I think of this first mode as a straightforward use of cliché, without that word’s automatic connotations of laziness. These words and phrases are skilful shorthands for particular, well-grooved narrative-emotional beats—they light up easily, but weakly, the correct sites of meaning. This mode is orderly, manipulative, vivid, and pleasurable, both for writer and reader. I add and remove commas, I comb through the thesaurus, until everything feels correct and even—not without quality or density or interest, but proper. A good comparison is the string quartets of Franz Joseph Haydn. No tension ever climbs too high, all the queries are lightly but thoroughly satisfied. The build-up and release are mild, like straightening a twisted bra strap: now there is no discomfort, now all areas are equally relaxed and reassuringly supported. 

This progression, from systemic discomfort to mastery through conversion, and finally to systemic relief, seems unavoidably Freudian—the metaphors are those of Beyond the Pleasure Principle—but is also a more or less accurate description of writing. Both my first worldly writing mode and the other, darker mode (more of which later) involve a currency of energy, tension, and release, a transmutation of flickering energies in the mind into an arrangement of words on the page. And when I say writing, I do not mean the general state of being a writer, walking around circulating thematics in my head or noticing things about strangers on the street. Nor do I mean planning or structuring, working out my currents of plot, how the story will draw in and bunch up its own energy, withholding, surging, and finally yielding. By writing I mean the actual kneading, probing, palpating I do at my desk, thinking of words and rejecting some and writing down others—squeezing out the sentences. I am embarrassed not so much by how disgusting this sounds, but by how pleasurable it sounds—how pleasurable it is.

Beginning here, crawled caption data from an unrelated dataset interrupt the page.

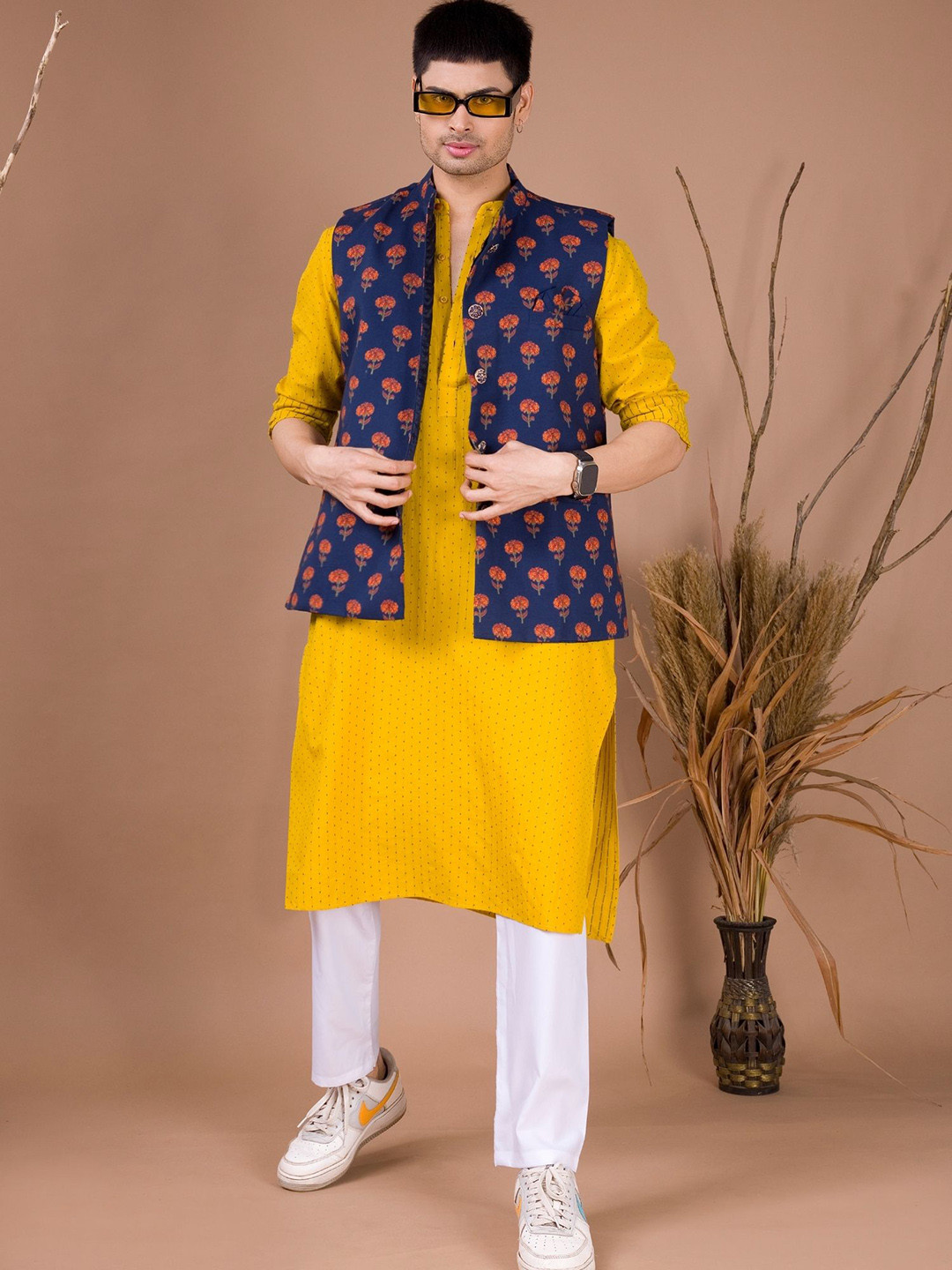 

SHIWAM ETHNIX Men Printed Regular Kurta with Pyjamas, Yellow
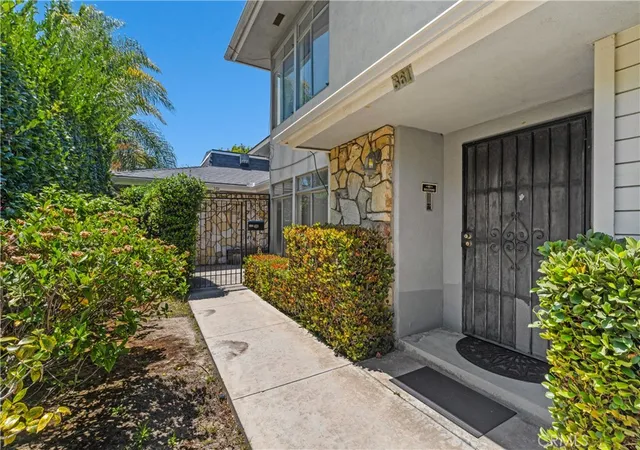 Photo 3 of Sale Pending at 359 361 Roswell, Long Beach, CA 90814 | MLS# PW26138957 | Listing updated on 2026-09-23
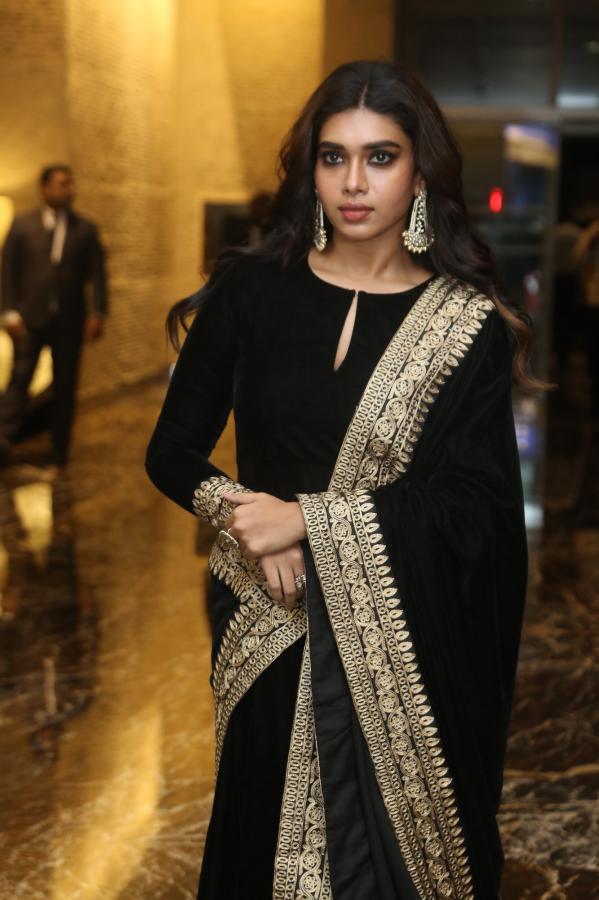 dushara-vijayan-stills-21.jpg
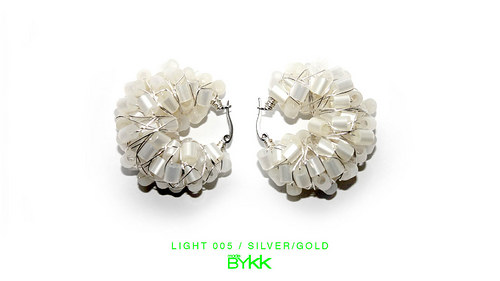 Light 005 / Silver/Gold — foto 1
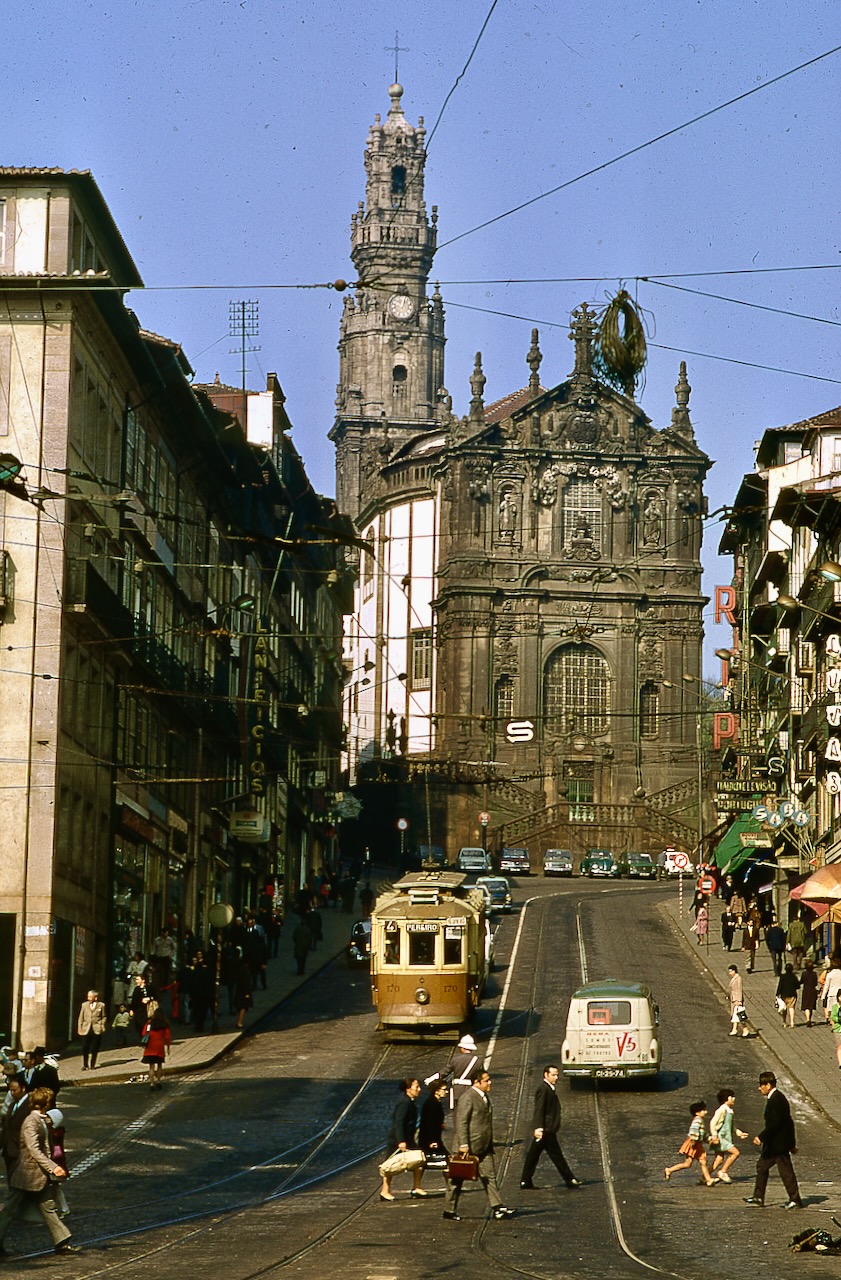 The Porto Electric Tram Network, the STCP years since 1946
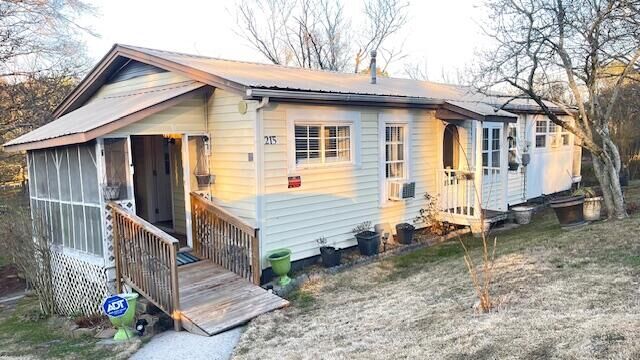 Property Photo: 215 Wilson Street GA 30701
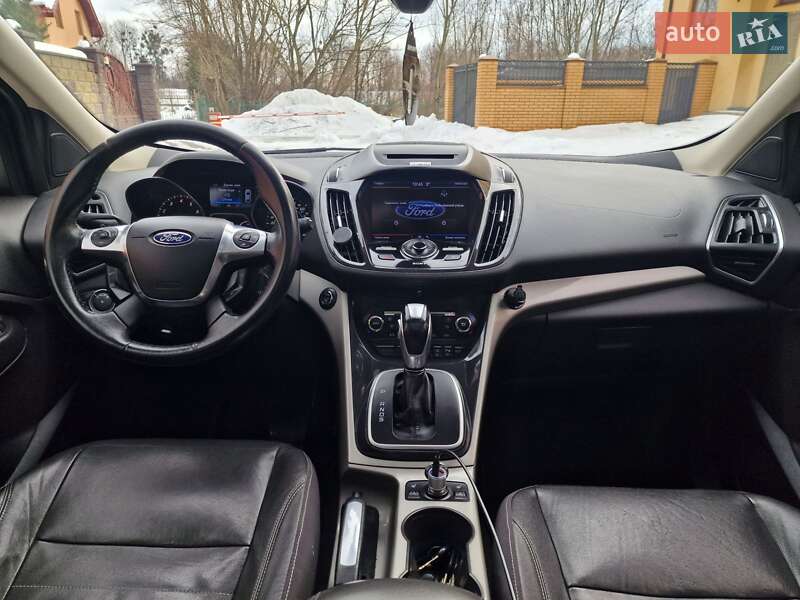Внедорожник / Кроссовер Ford Escape 2012 в Стрые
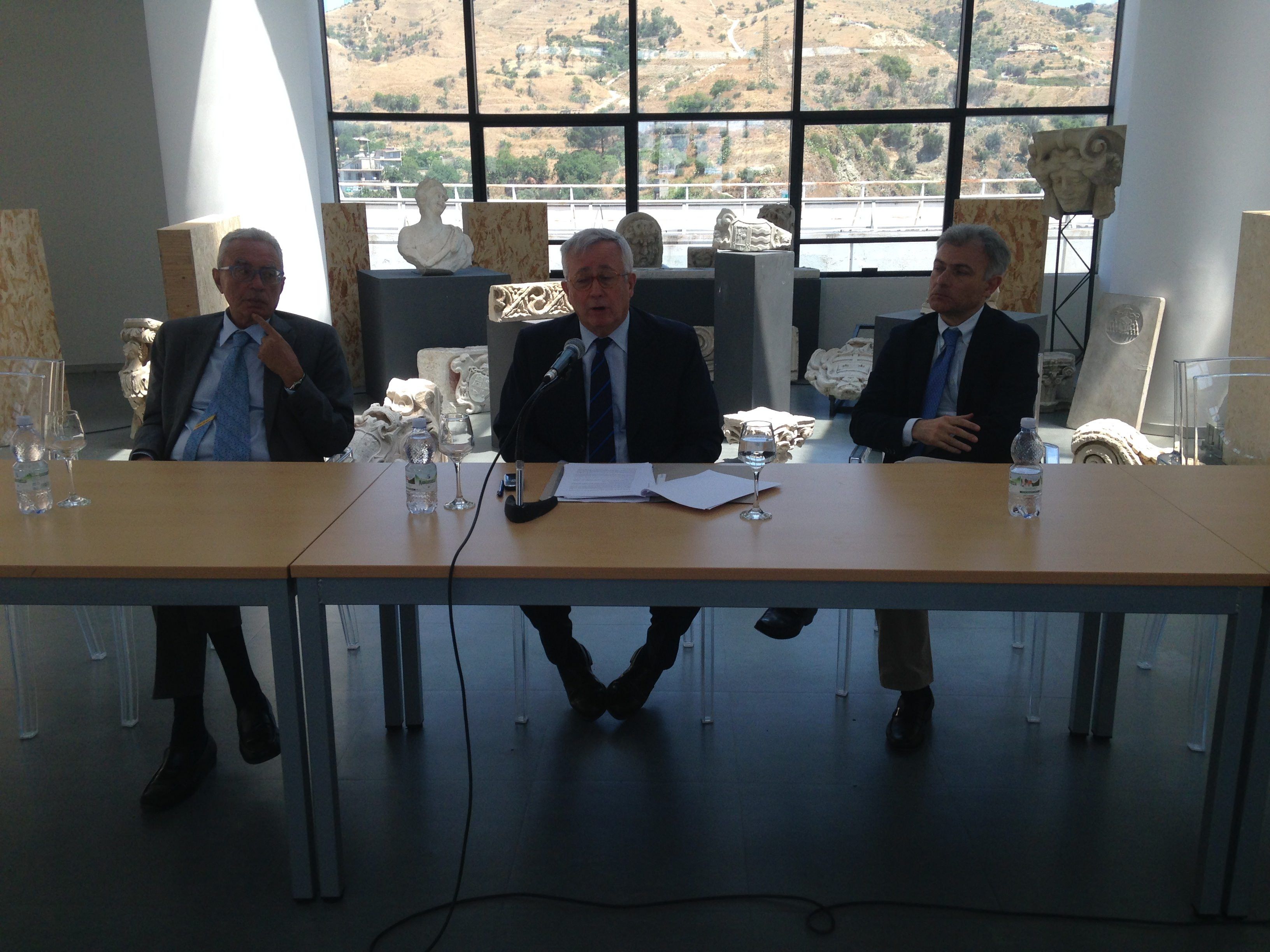 Tremonti a Reggio: «Sottovalutata la crisi dell'Europa»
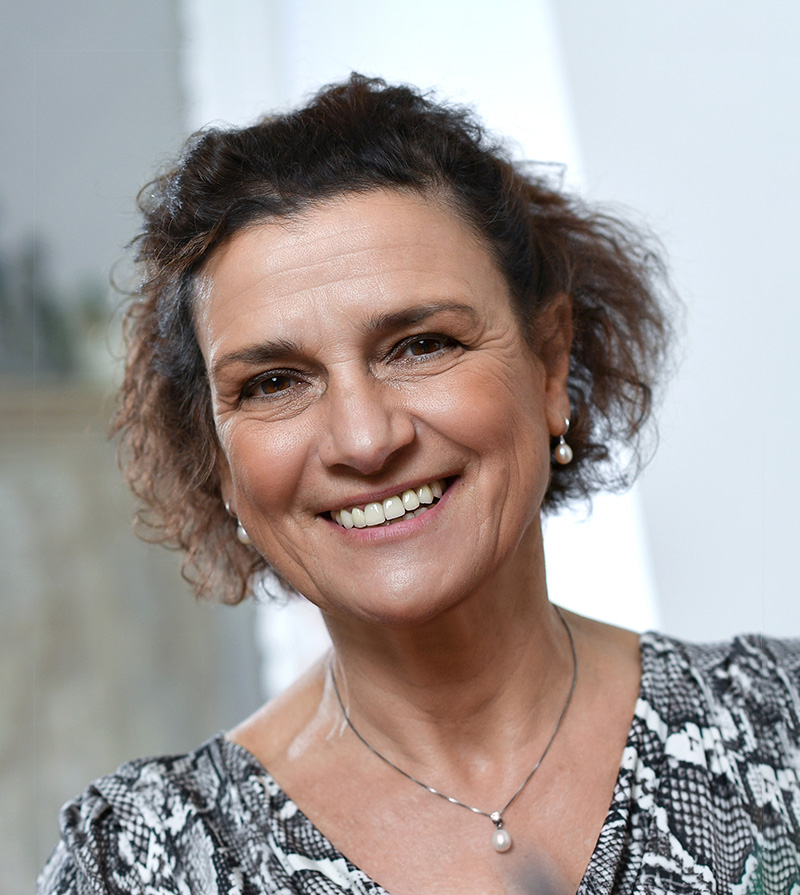 Dr. Carmen Dumitrescu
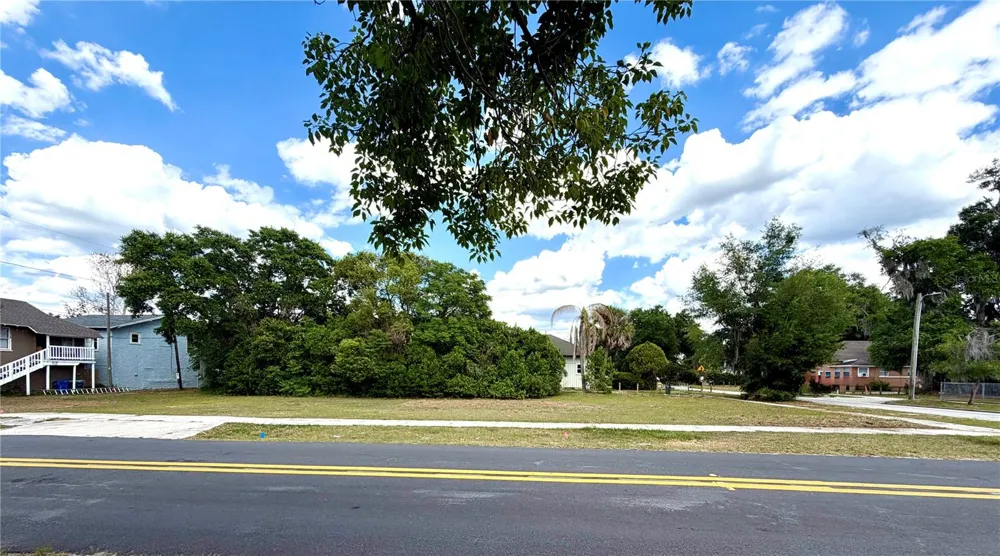 203 AVENUE C NE Winter Haven, FL 33881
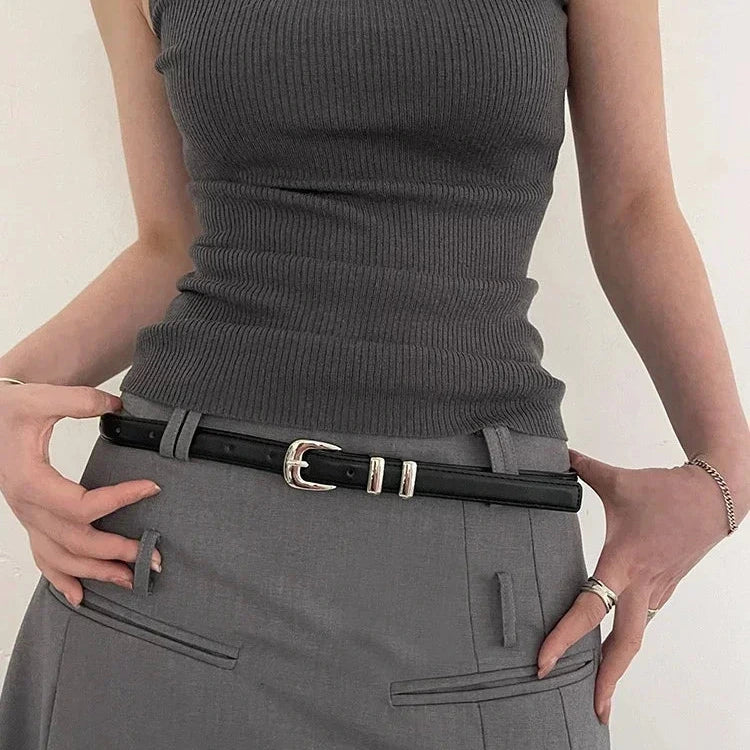 Ceinture Femme Cuir Noire Fine à Boucle Argentée – Soho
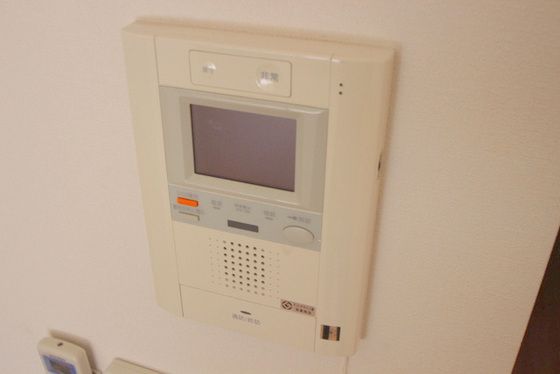 �y�Z�L�����e�B�z�@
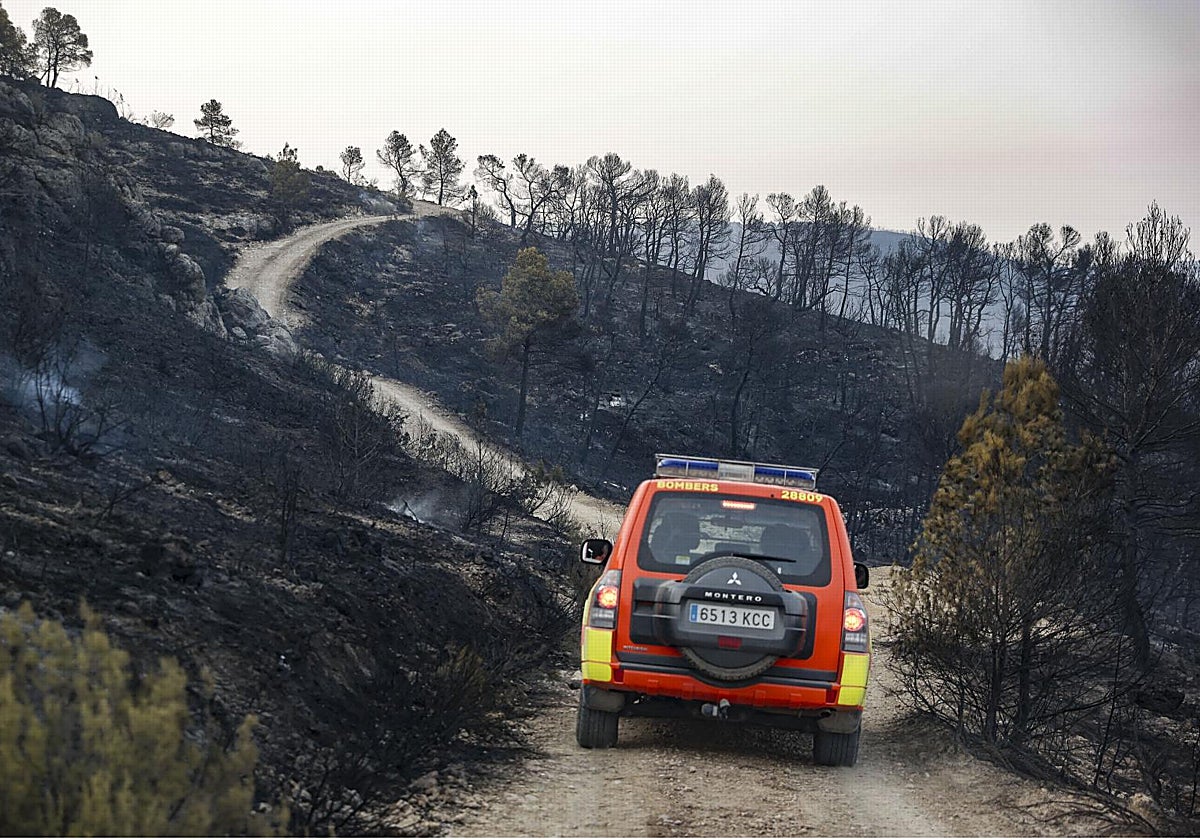 Un vehículo de Emergencias circula por un monte devastado por un incendio en la provincia de Valencia, hace unos días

Perhaps this is a way to respond, belatedly, to Eve Kosofsky Sedgwick’s call for a discourse of female anal eroticism. (Sedgwick 1987: 110) Perhaps I might consider that the new growth of springtime, oaks and hawthorns squeezing out their ruffles of leaves, might for the trees themselves be masochistically pleasurable, or even straightforwardly painful; and I might wonder what that painful necessity illuminates about artistic endeavour.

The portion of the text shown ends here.